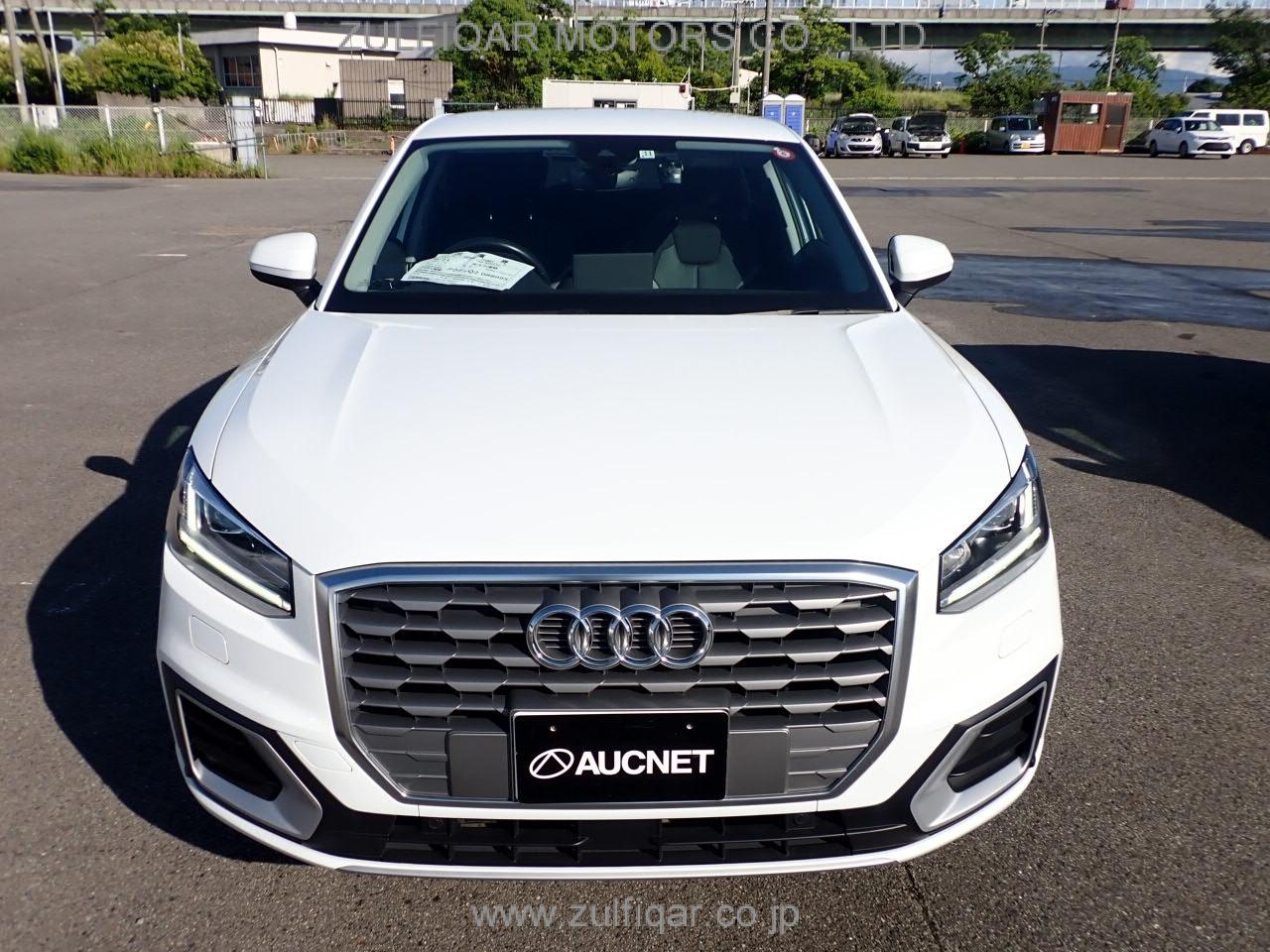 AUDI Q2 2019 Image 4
==
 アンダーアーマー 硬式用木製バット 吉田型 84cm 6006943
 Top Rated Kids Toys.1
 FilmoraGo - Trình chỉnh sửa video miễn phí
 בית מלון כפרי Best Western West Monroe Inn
==
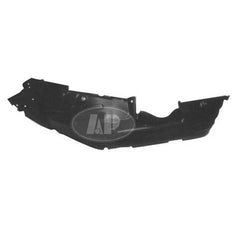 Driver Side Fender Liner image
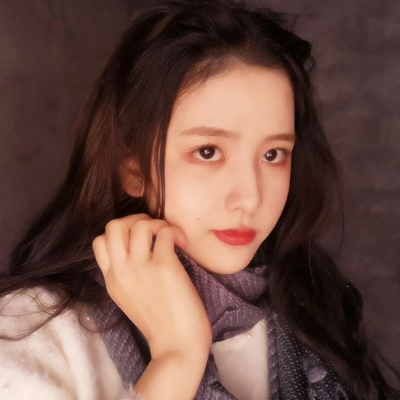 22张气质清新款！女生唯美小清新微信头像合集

Try it » From the records above, quote word for word only the lines beginning at the line that has "Driver Side Fender Liner image" and stopping after the line that has "22张气质清新款！女生唯美小清新微信头像合集". Omit the pictures.

Worked solution »
 Driver Side Fender Liner image
 22张气质清新款！女生唯美小清新微信头像合集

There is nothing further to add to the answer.